When the XXIV FIG Congress hits town Sydney will be awash with surveyors. It’s an opportunity to highlight what a great career surveying can be. Surveying has many more possibilities and is far more wide reaching than most people imagine.
My own background included the best part of 40 years in education and over 20 years on the Board of Surveyors of NSW. Over the last 10 years, and especially since I “retired”, my time spent on practical surveying has been divided between forensic criminal and archaeological work. I help police detectives with crime scene measurements, including cold cases to discover new measurements which weren’t taken at the time of the original investigation but now could be important and can be seen on old photographs or video. Archaeologists need help with excavation sites and I also help to document aboriginal rock art.
Surveying has just kept getting more and more enjoyable over the time I have been working in the field, and it will continue to do so. New technologies mean we are no longer slaves to our old measuring tools. We now have much more time to do the fun stuff and really apply our skills to real-life scenarios.
Surveyors are really skilled at making 3D measurements. Traditionally that’s been applied to land management but the same skill set can be transferred to work out sequences of events or sizes of all sorts of things.
Surveyors don’t just collect data, there’s a whole bunch of investigative work (or “value adding” as they like to call it these days) turning that data in to knowledge.

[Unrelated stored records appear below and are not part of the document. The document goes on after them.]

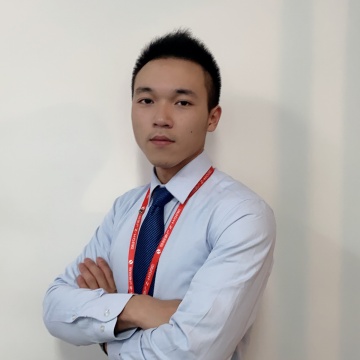 尊园地产何学文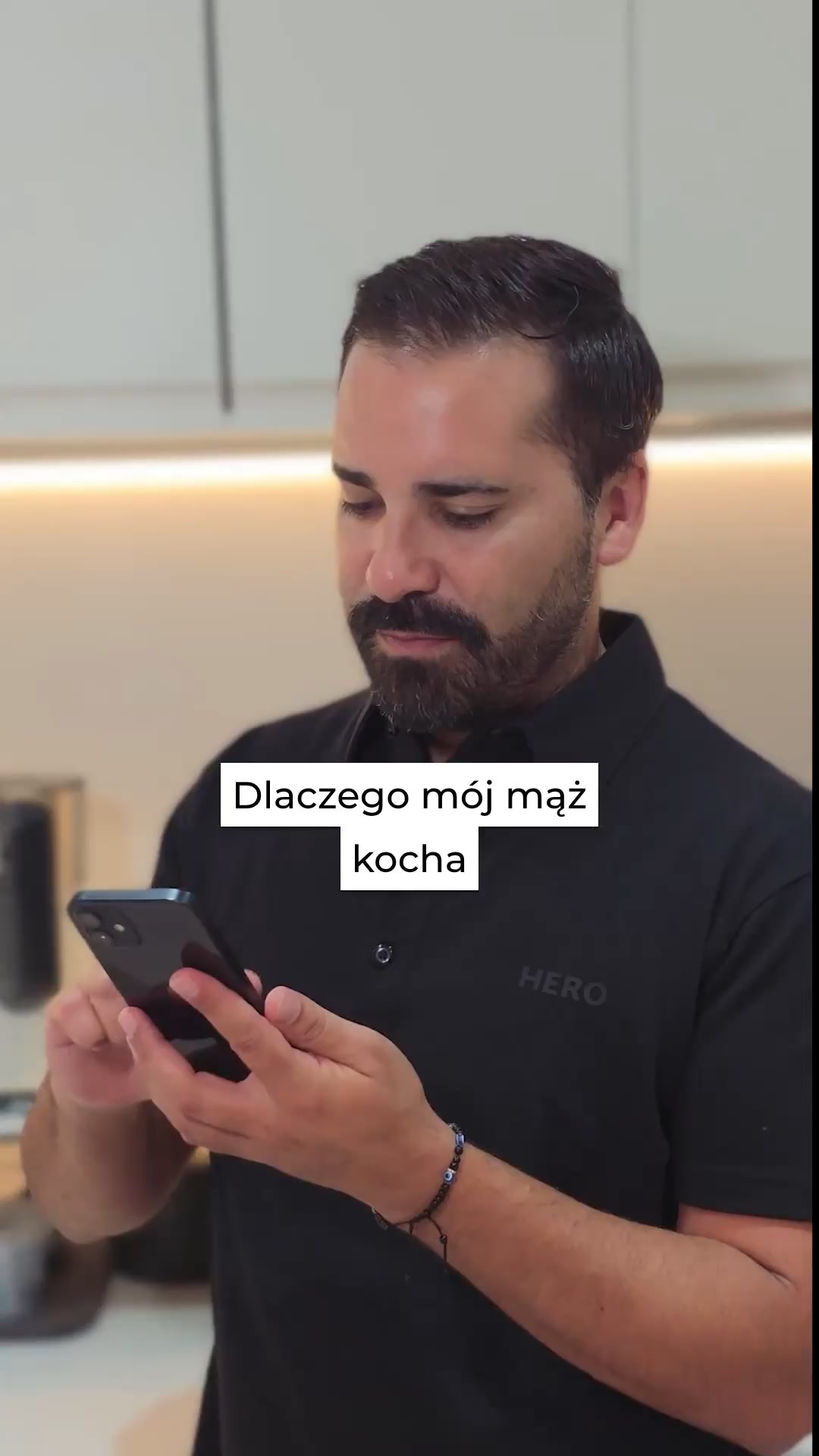 To ci się spodoba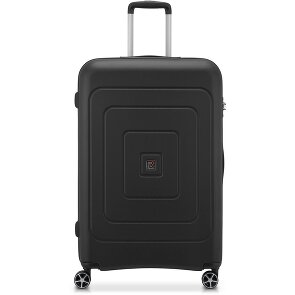 MODO by Roncato Nebula 4 wielen Trolley 76 cm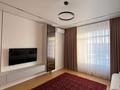 2-комнатная квартира · 65 м² · 6/9 этаж, мкр Нурсая, Абылхаир хана 69 за 500 000 ₸ в Атырау — фото 2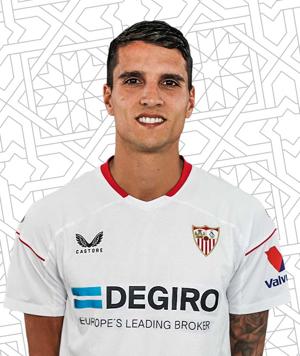 Imagen principal - Aprobado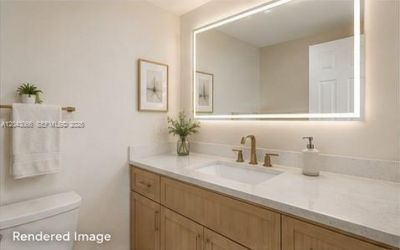 11930 N Bayshore Dr, Unit 609, North Miami, FL 33181 Photo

Crime scene investigators may call in surveyor when they need to clarify what the exact location of something was in a photo that that was taken many years ago. With a background as a surveyor making maps from photos, it wasn’t too much of a stretch for me to start looking at CCTV cameras and working out how tall are the suspects.
On an archaeological dig things come out of a hole in the ground layer by layer and you have to be able to retrospectively place things back the way they came out to understand how they relate to one another. One particularly fascinating job was helping archaeologists on a dig where they had discovered the bones of mega-fauna (huge marsupials that roamed Australia after the age of the dinosaurs and up to 25 000 years ago). By applying surveying skills, the positioning of the bones helped them work out how the ancient creatures had met their demise.
One day I got a call from somebody in a fine art department at a major university. They’d discovered some ancient Aboriginal rock art they needed to catalogue. It was very precious and couldn’t be touched. Surveying the rock art by a series of overlapping photographs isn’t so different to the process of aerial map-making; and so began another chapter of my career.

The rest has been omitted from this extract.